Ligada desde os anos 60 ao cinema português e à geração do Cinema Novo, que então procurava revolucionar a produção cinematográfica nacional, foi assistente de Paulo Rocha em Mudar de Vida (1966) e de Manoel de Oliveira em O Passado e o Presente (1971), tendo depois estagiado em Paris com Jean Rouch.

Opositora do Estado Novo, chegou a estar um mês presa em Caxias. A seguir ao 25 de Abril, foi assistente de realização do alemão Thomas Harlan no célebre documentário Torre Bela (1977).
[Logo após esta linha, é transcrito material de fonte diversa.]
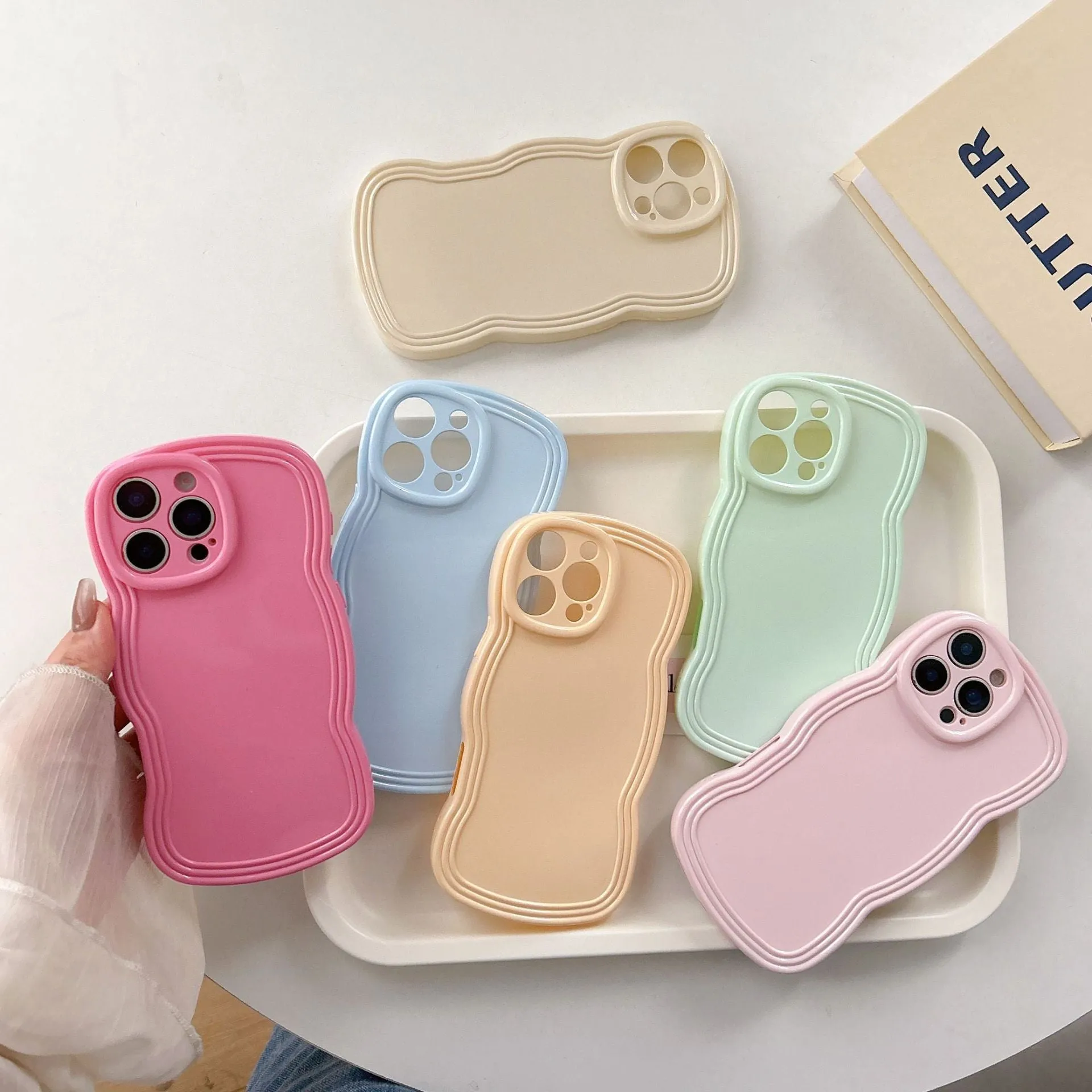 Cream candy colour wave pattern TPU phone case for iPhone, showing anti-fingerprint surface.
Nascida em Angola, em S. Pedro da Chibia (a actual Chibia), foi com um ano para Moçambique, onde viveu a infância e a adolescência, e chegou a Portugal em 1955. Casou-se dois anos depois com o poeta Alexandre O’Neill (1924-1986), com quem teve um filho, o fotógrafo Alexandre Delgado O’Neill, que morreria precocemente aos 34 anos, em 1993.
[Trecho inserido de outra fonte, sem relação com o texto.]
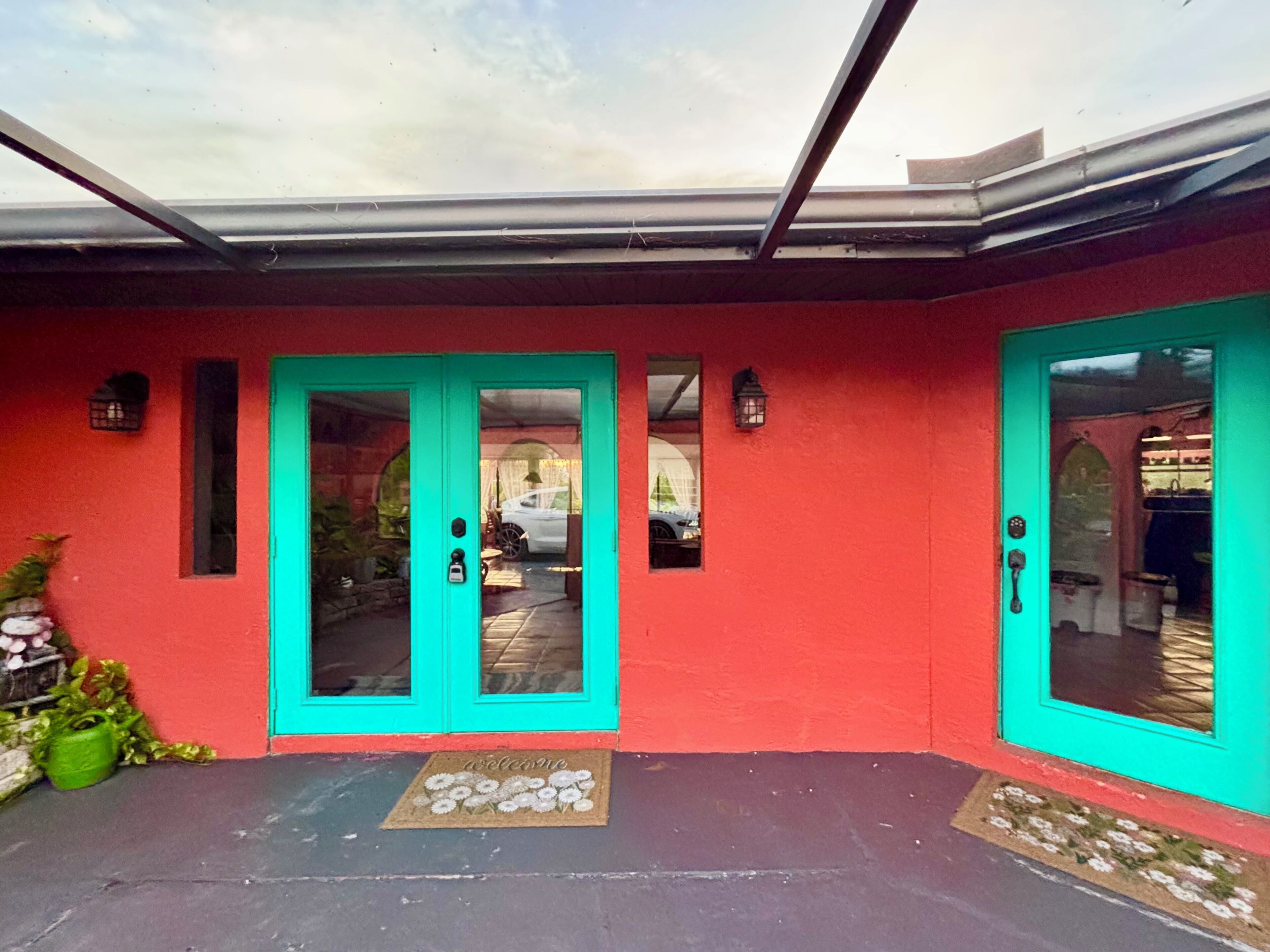 A red building with turquoise doors and windows, a doormat with a welcome message, and a clear sky above.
Como realizadora, a sua obra mais conhecida é Máscaras, de 1976, inspirada nos trabalhos etnográficos de Benjamim Pereira, que a realizadora e actriz Catarina Alves Costa considera “um filme muito pioneiro e muito importante para quem trabalha em cinema etnográfico em Portugal”, e que situa na linha dos documentários de António Campos, como Vilarinho das Furnas (filme) (1971) ou Falamos de Rio de Onor (1974).

“É um filme de referência, com um olhar bastante autêntico, mas ao mesmo tempo também poético sobre o povo e a cultura popular”, diz a realizadora de O Arquitecto e a Cidade Velha (2004) ou Falamos de António Campos (2009). “É um retrato um bocado romantizado, mas que tenta mostrar um país que estava bastante esquecido naquela altura, uma parte do país que os realizadores ligados ao regime do Estado Novo não mostravam."

Um objectivo igualmente visível nas já referidas obras iniciais de António Campos, mas também, lembra Catarina Alves Costa, em filmes como Festa, Trabalho e Pão em Grijó de Parada (1973), de Manuel Costa e Silva, ou Veredas (1977), de João César Monteiro, que aborda os contos tradicionais portugueses.

Lamentando que Máscaras esteja hoje “bastante esquecido” e nunca tenha sido editado em DVD, a realizadora conta que teve oportunidade de revisitar, no final dos anos 90, os mesmos lugares em que Noémia Delgado filmara, quando co-realizou com Catarina Mourão um documentário para a exposição Rituais de Inverno com Máscaras, um projecto coordenado pelo próprio Benjamim Pereira.

Nos anos 80, Noémia Delgado realizou vários documentários e séries para televisão, designadamente sobre as regiões vinícolas nacionais, a arte nova e déco no norte de Portugal ou o trabalho do ouro e da prata também no norte do país. Assinou ainda a série Palavras Herdadas, dedicada a escritores portugueses, e ela própria publicou um livro de poemas, Jacarandá no Coração (1986). O seu último filme, Quem Foste, Alvarez?, de 1988, é dedicado ao pintor modernista português José Dominguez Alvarez (1906-1942).